# DATA FOR ANALYSIS:
########

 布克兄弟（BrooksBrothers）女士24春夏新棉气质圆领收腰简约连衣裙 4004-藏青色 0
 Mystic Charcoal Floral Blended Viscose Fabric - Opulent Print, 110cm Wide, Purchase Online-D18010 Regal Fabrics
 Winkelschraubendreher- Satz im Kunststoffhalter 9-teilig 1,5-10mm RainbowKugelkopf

########

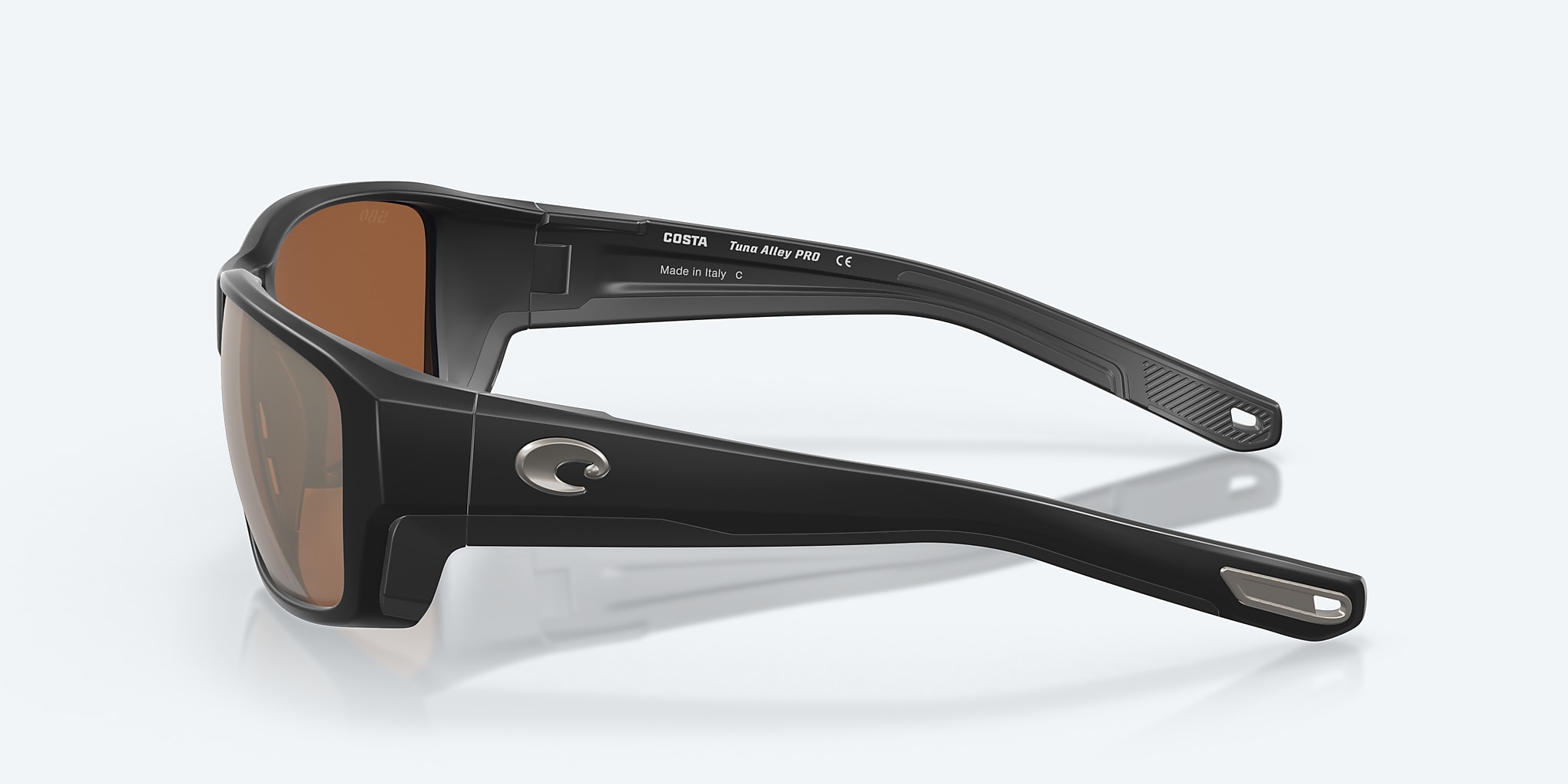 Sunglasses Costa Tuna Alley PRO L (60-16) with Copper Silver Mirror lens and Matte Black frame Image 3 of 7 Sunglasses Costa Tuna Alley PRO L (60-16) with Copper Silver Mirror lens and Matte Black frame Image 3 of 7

########

# WHAT THE EXERCISE ASKS:
Please copy, exactly as written, every line in the listing above from the line with "Mystic Charcoal Floral" up to and including the line with "Winkelschraubendreher- Satz im".

# THE ANSWER:
 Mystic Charcoal Floral Blended Viscose Fabric - Opulent Print, 110cm Wide, Purchase Online-D18010 Regal Fabrics
 Winkelschraubendreher- Satz im Kunststoffhalter 9-teilig 1,5-10mm RainbowKugelkopf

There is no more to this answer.